INFORMATION SHOWN.
╭──

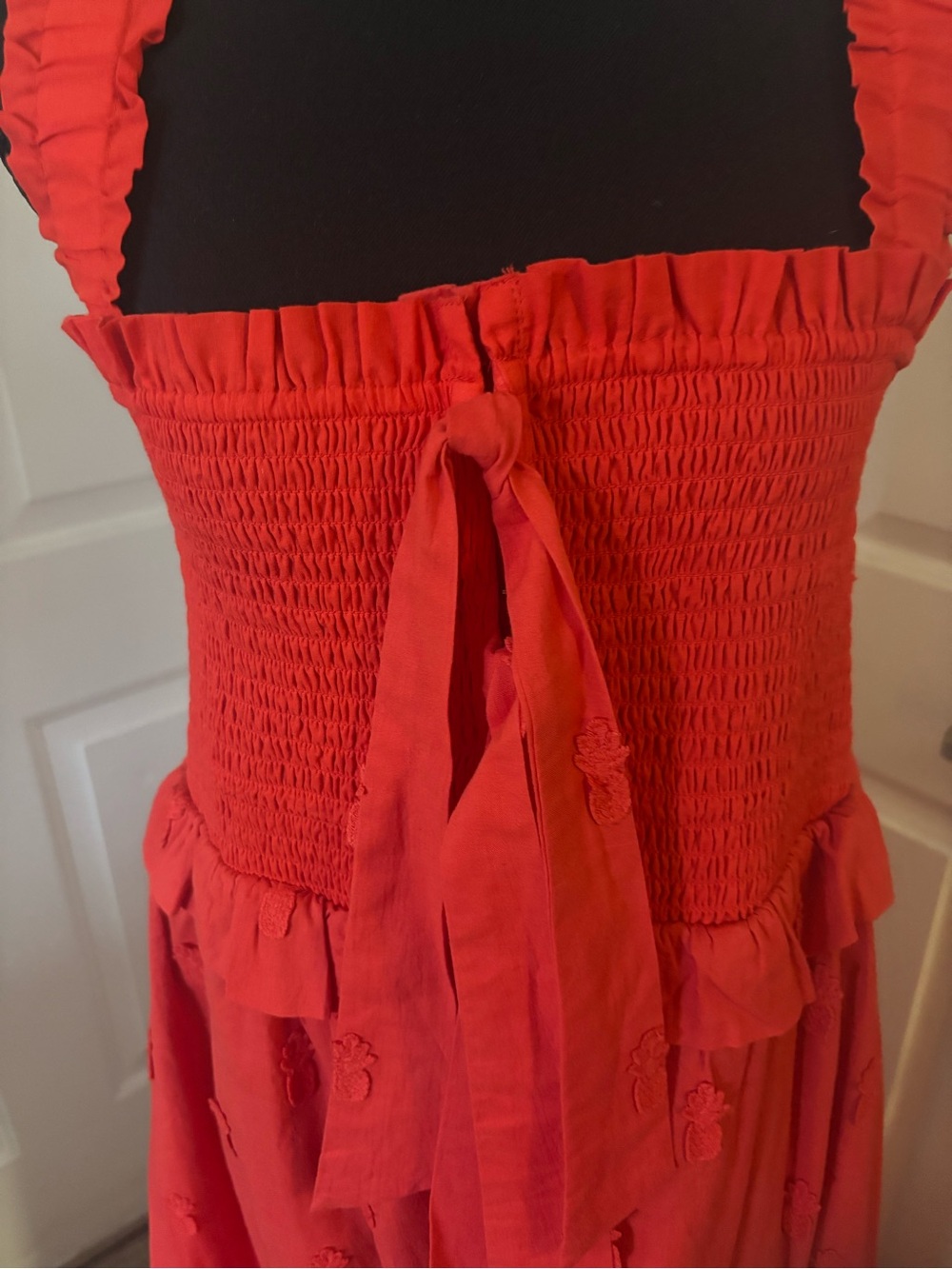 FARM Rio Red Ruffled Maxi Dress - Picture 2 of 9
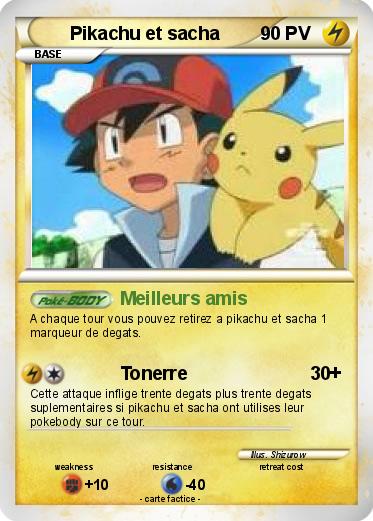 Pokemon Pikachu et sacha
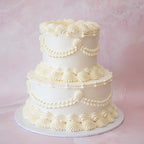 Classic Round Vintage Cake | 2 Tiers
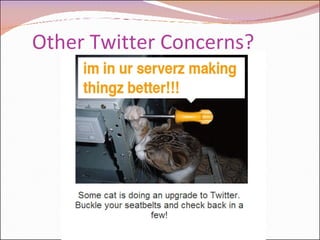 Other Twitter Concerns?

╰──

Please reproduce the lines exactly from the one containing "Pokemon Pikachu et sacha" through the last line of the data above, and keep the pictures out.

TASK SOLUTION.
 Pokemon Pikachu et sacha
 Classic Round Vintage Cake | 2 Tiers
 Other Twitter Concerns?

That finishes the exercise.